(Data entries)
═══
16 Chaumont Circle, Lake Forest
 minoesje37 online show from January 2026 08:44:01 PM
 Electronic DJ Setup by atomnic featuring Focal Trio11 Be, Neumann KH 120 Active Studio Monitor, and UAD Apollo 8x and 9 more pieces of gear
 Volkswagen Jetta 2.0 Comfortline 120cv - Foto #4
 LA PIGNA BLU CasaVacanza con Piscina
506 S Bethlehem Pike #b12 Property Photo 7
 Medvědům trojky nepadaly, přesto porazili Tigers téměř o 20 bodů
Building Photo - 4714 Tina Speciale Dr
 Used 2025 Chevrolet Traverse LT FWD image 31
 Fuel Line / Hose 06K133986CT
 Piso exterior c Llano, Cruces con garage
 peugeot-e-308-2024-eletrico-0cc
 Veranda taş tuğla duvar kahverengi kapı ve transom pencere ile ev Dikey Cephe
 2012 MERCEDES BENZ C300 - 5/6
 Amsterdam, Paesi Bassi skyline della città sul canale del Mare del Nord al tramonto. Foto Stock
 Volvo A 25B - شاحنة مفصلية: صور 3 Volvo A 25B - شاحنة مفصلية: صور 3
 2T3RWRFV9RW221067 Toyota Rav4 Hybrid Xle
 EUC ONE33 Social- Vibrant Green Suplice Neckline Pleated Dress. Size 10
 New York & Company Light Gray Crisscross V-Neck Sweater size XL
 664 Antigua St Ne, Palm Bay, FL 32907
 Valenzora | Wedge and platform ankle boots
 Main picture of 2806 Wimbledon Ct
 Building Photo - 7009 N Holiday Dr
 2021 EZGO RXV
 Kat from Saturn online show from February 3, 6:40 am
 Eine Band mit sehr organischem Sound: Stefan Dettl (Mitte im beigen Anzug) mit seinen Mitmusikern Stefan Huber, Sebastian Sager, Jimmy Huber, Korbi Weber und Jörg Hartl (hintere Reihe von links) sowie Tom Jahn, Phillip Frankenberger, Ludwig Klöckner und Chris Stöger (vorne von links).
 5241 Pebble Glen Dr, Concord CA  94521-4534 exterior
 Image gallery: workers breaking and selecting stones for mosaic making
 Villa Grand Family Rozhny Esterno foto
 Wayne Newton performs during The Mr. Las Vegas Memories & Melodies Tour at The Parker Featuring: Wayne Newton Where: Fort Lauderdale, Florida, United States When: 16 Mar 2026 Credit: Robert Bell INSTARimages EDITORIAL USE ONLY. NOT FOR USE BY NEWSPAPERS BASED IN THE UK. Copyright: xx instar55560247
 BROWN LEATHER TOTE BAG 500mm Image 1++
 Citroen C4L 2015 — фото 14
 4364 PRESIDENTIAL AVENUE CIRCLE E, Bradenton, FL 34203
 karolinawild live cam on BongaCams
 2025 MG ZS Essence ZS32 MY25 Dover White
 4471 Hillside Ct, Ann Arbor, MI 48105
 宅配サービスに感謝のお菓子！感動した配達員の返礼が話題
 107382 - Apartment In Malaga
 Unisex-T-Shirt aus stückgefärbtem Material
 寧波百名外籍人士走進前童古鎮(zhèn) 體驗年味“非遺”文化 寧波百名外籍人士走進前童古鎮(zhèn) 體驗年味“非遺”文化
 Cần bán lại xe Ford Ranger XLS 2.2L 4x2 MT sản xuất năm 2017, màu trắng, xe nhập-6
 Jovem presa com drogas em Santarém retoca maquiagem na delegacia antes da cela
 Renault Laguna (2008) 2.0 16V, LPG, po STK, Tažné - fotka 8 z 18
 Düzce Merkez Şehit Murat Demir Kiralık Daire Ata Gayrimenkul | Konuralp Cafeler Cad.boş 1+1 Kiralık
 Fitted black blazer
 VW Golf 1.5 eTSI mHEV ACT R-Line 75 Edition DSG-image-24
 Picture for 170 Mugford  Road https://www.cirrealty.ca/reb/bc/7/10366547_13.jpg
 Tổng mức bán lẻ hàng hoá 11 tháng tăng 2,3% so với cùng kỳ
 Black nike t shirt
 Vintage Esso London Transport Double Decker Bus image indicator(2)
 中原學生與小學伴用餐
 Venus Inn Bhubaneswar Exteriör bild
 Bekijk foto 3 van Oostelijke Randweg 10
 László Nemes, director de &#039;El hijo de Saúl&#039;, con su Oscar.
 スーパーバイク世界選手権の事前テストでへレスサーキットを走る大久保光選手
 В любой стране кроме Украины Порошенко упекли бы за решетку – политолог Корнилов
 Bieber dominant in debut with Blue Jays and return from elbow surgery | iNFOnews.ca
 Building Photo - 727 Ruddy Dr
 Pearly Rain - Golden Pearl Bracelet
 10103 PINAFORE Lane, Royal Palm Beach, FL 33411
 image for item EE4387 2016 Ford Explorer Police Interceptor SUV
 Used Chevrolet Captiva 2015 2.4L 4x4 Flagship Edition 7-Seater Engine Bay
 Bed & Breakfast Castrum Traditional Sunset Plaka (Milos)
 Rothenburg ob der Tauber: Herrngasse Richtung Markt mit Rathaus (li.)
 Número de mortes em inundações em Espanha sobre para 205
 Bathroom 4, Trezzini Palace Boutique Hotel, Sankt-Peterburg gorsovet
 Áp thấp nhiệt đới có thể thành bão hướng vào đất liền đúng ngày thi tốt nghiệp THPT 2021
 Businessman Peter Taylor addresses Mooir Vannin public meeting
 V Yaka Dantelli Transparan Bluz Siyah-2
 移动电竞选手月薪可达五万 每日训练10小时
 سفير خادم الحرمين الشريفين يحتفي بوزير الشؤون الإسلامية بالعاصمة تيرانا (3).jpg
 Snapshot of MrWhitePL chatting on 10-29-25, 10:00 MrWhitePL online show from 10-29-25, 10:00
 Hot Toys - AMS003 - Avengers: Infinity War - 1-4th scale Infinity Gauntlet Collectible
═══
» **WHAT YOU NEED TO DO**: Using the records above, restate word for word the lines from the one with "New York & Company" through the one with "Villa Grand Family Rozhny Esterno foto", both included.

» **SOLUTION**:
 New York & Company Light Gray Crisscross V-Neck Sweater size XL
 664 Antigua St Ne, Palm Bay, FL 32907
 Valenzora | Wedge and platform ankle boots
 Main picture of 2806 Wimbledon Ct
 Building Photo - 7009 N Holiday Dr
 2021 EZGO RXV
 Kat from Saturn online show from February 3, 6:40 am
 Eine Band mit sehr organischem Sound: Stefan Dettl (Mitte im beigen Anzug) mit seinen Mitmusikern Stefan Huber, Sebastian Sager, Jimmy Huber, Korbi Weber und Jörg Hartl (hintere Reihe von links) sowie Tom Jahn, Phillip Frankenberger, Ludwig Klöckner und Chris Stöger (vorne von links).
 5241 Pebble Glen Dr, Concord CA  94521-4534 exterior
 Image gallery: workers breaking and selecting stones for mosaic making
 Villa Grand Family Rozhny Esterno foto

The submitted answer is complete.